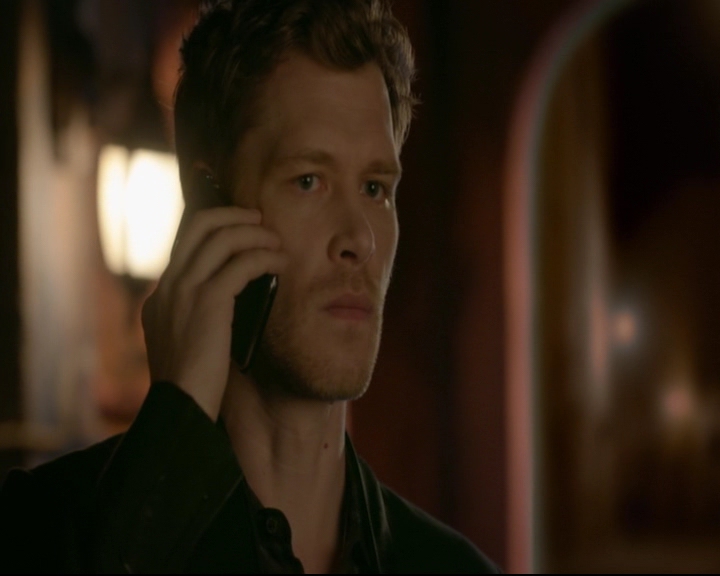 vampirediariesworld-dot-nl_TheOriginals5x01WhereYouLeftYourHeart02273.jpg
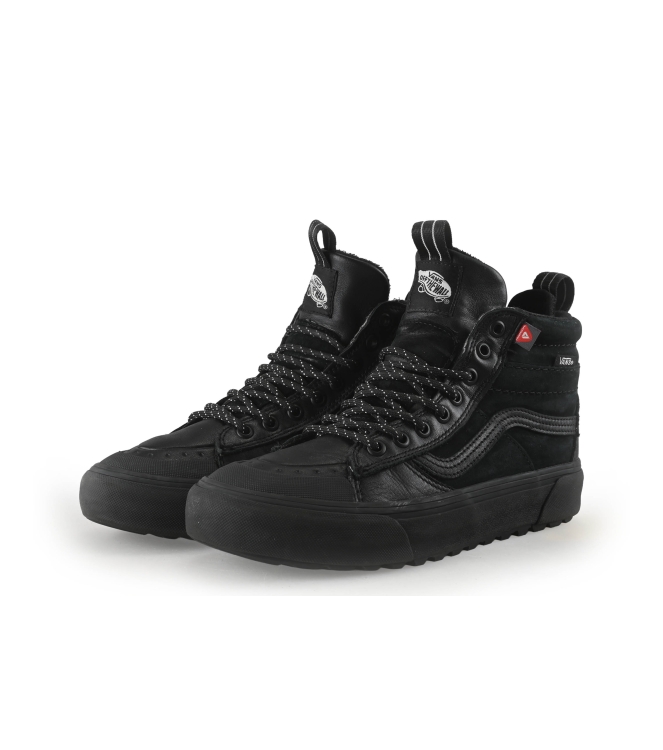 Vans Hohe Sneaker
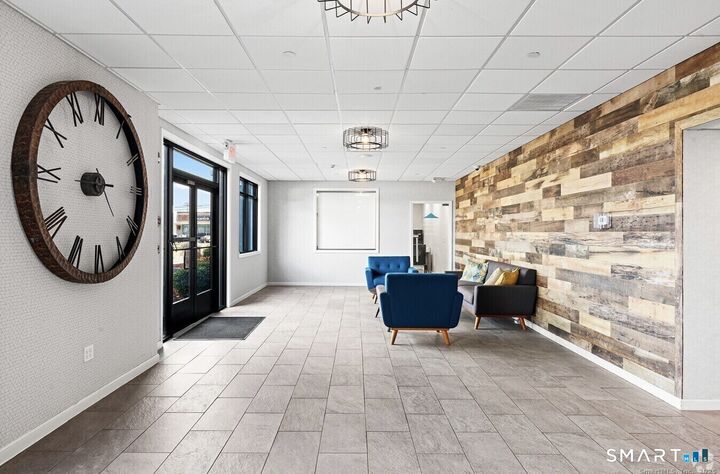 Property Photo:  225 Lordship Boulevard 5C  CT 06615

==========

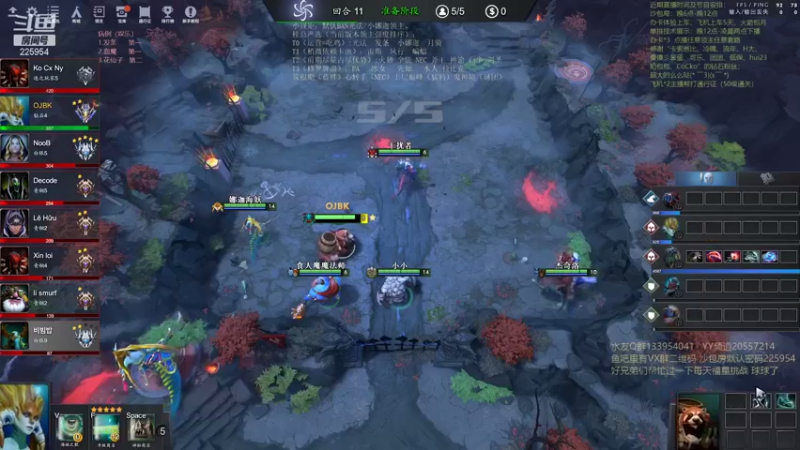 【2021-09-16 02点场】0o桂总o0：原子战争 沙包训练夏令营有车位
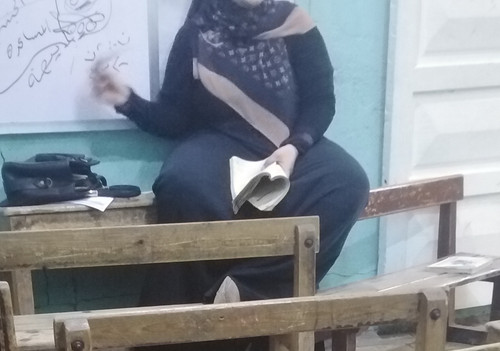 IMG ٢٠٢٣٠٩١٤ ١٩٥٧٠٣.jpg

==========

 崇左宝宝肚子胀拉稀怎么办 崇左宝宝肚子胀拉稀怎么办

==========

## Aim of the exercise
After locating "Vans Hohe Sneaker" and "225 Lordship Boulevard" in the records above, return exactly the line holding each one and every line between them; leave out the pictures.

## Answer to this exercise
 Vans Hohe Sneaker
 Property Photo:  225 Lordship Boulevard 5C  CT 06615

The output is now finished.